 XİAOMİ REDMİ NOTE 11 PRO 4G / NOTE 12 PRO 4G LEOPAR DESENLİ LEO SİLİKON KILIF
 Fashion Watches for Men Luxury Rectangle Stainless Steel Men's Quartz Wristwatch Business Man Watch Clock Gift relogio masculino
---
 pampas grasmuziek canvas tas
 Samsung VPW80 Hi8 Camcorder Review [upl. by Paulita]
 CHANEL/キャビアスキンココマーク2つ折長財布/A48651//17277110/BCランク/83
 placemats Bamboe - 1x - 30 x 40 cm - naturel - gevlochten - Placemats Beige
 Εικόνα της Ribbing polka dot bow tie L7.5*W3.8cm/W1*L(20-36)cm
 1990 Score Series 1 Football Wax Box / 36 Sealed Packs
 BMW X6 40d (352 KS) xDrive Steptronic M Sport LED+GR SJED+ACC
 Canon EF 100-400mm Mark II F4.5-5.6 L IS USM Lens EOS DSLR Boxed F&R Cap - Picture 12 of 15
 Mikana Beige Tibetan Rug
...
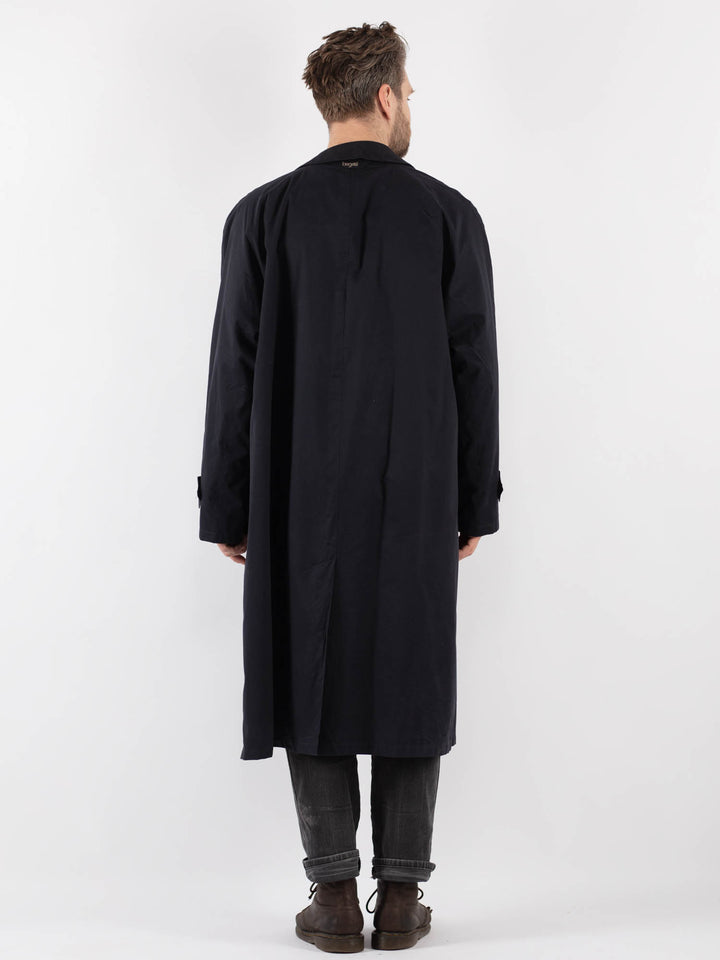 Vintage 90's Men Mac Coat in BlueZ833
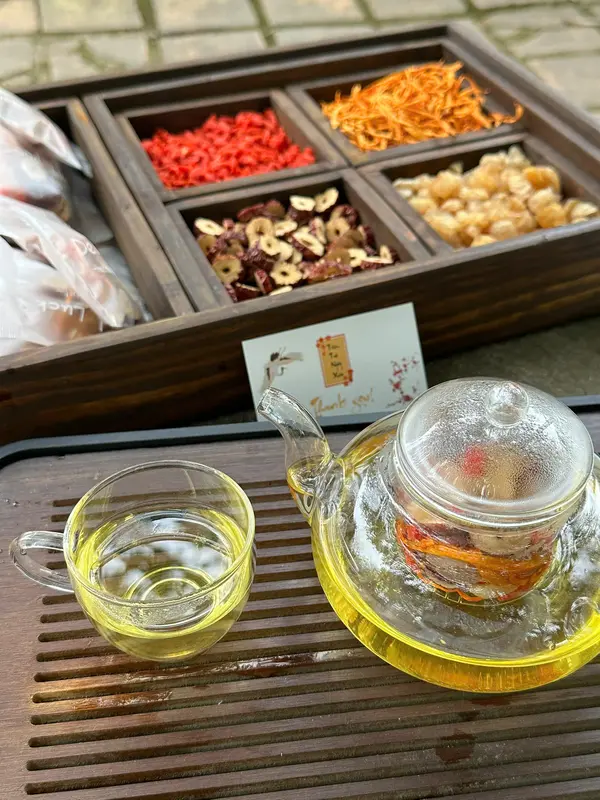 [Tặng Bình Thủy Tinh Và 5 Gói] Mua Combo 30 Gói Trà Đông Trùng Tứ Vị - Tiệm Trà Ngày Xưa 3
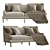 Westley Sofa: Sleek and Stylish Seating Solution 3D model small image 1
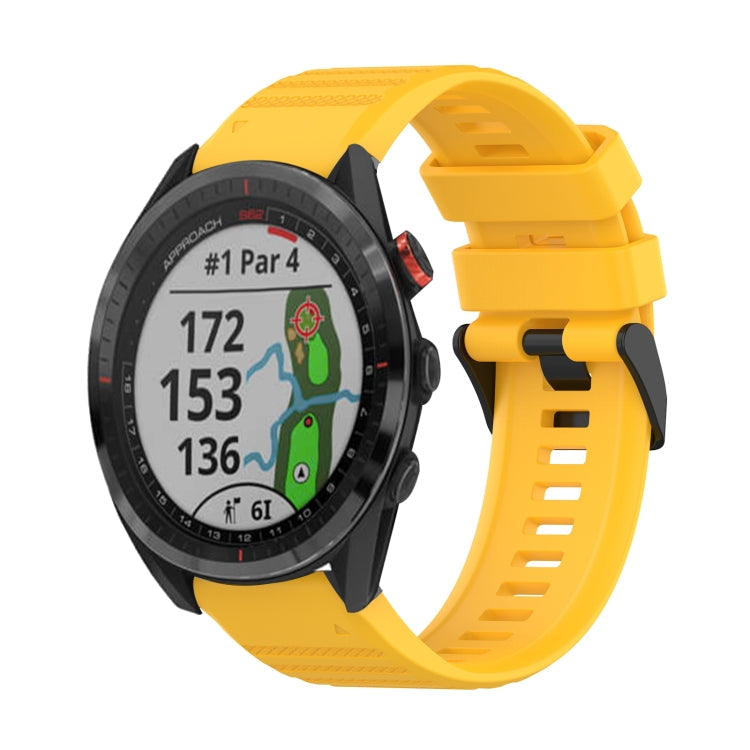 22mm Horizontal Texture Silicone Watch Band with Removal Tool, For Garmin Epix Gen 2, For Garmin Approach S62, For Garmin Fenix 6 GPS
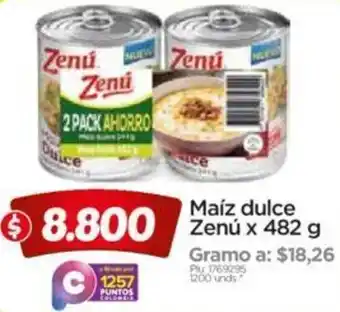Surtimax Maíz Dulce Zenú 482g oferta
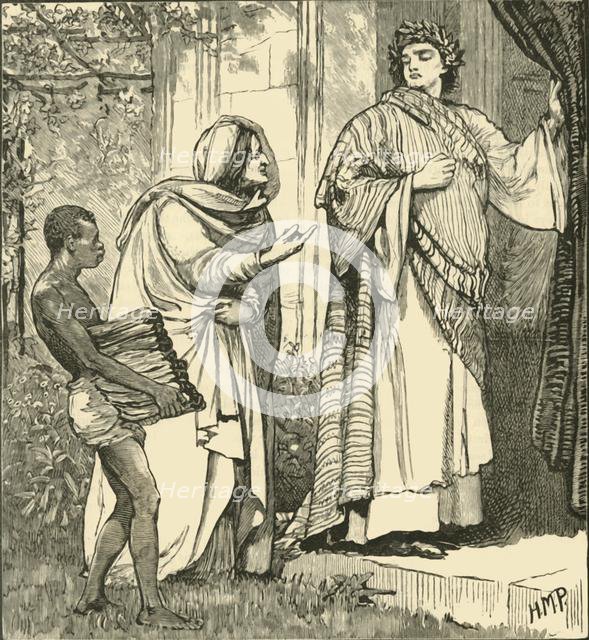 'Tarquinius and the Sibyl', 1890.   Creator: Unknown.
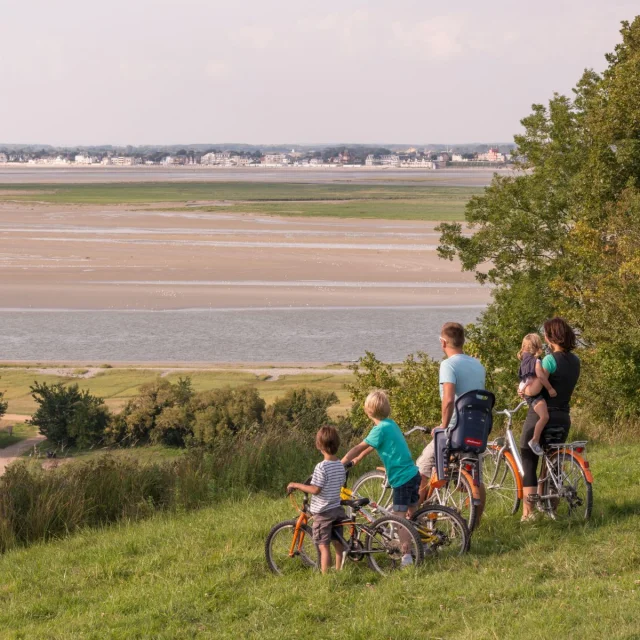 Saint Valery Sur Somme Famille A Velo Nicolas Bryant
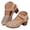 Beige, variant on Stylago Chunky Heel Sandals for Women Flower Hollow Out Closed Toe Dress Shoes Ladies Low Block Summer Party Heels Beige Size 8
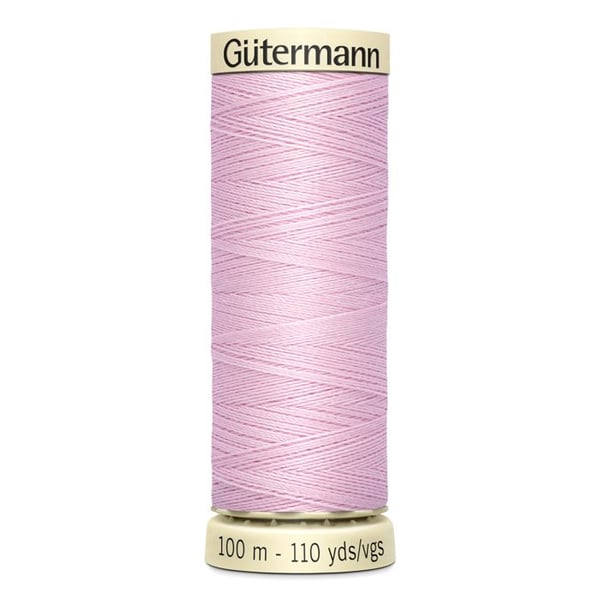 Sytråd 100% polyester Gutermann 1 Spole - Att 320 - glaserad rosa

**YOUR GOAL:** Return only the stretch of the material above from the line holding "Samsung VPW80 Hi8" through the line holding "BMW X6 40d (352", copied exactly.

**OUTPUT FOR THIS EXERCISE:**
 Samsung VPW80 Hi8 Camcorder Review [upl. by Paulita]
 CHANEL/キャビアスキンココマーク2つ折長財布/A48651//17277110/BCランク/83
 placemats Bamboe - 1x - 30 x 40 cm - naturel - gevlochten - Placemats Beige
 Εικόνα της Ribbing polka dot bow tie L7.5*W3.8cm/W1*L(20-36)cm
 1990 Score Series 1 Football Wax Box / 36 Sealed Packs
 BMW X6 40d (352 KS) xDrive Steptronic M Sport LED+GR SJED+ACC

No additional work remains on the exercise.